Her warm, trembling hands slid over his hands and into his hair as she crouched in front of him. “You startled me. I wasn’t expecting you to come at me that way. I’m okay.” It sounded like she was trying to convince herself. “You didn’t hurt me. Everything is okay.”

He wondered if she was telling herself that or him.

“Ssh. You’re okay. Everything is fine. You’re safe.” She kept brushing her fingers through his hair, her body snuggled up against his up drawn legs.

He didn’t know if he could ever look at her again and not see the fear he’d put on her face. “I’m sorry.”

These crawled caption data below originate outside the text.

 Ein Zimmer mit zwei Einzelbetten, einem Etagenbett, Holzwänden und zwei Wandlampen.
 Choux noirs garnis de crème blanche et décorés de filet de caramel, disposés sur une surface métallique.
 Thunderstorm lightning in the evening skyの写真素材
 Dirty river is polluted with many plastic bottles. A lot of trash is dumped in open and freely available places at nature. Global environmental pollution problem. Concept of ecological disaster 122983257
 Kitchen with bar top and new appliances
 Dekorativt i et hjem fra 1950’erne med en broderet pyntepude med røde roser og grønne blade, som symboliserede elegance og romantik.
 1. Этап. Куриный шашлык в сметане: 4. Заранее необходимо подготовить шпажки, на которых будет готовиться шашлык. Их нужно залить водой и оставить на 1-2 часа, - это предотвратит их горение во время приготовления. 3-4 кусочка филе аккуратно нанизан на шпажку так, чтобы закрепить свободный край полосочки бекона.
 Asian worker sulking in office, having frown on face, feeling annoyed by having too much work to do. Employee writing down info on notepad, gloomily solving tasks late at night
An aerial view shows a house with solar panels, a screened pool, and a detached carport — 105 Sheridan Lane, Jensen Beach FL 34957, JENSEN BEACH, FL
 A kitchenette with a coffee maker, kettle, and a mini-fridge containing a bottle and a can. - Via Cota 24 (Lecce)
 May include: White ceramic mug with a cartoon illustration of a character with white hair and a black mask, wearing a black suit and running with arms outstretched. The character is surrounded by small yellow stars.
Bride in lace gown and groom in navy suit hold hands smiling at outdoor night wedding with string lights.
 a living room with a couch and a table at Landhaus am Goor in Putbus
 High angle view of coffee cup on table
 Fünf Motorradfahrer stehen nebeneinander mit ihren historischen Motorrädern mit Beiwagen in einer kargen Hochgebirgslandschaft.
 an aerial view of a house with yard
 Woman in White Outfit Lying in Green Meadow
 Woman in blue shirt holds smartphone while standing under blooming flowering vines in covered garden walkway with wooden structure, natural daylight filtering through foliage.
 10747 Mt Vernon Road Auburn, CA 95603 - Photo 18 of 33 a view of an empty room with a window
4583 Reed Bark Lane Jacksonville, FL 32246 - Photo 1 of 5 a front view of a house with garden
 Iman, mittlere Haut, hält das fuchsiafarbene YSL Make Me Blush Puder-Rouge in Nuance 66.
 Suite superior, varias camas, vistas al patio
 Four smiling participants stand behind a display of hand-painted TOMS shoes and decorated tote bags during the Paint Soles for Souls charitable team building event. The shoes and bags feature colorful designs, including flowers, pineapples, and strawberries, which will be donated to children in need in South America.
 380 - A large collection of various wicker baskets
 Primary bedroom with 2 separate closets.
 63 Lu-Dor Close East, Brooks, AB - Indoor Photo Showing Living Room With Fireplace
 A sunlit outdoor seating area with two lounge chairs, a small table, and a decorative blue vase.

She pressed her cheek to the top of his head. “Was it a flashback?”

“Yes.”

She wrapped him in an awkward hug. “Do you want to talk about it?”

No. He didn’t. But he owed her some kind of explanation. “I.” He swallowed back the bile still rising in his throat from the flashback and from treating her so badly. “I told you I’d been in a helicopter crash.”

“I remember. The shrapnel wounds you have are from that accident.”

“It was no accident. We were shot down. Of the four of us on board, only two of us made it.”

Her hands stilled on his head. It felt good to feel her holding onto him. “I’m so sorry that happened. I can’t imagine how horrifying and devastating that must have been.”

“Sometimes, I’m right back in the helo seat watching the ground coming at me, hearing the guys yelling, the bullets hitting the chopper. I can smell Robinson and Brown’s blood, the smoke from the engine, and hear the grinding of the engine gears as the blades whap, whap, whap so loud it’s like I’ll never hear anything else.”

“The blender.” She breathed out the words. “No more smoothies. Got it.” She wrapped her arms around him again, her cheek on his forehead. “What can I do to help you?”

“You’re doing it. Your voice. Your touch. I need them to ground me in the here and now.”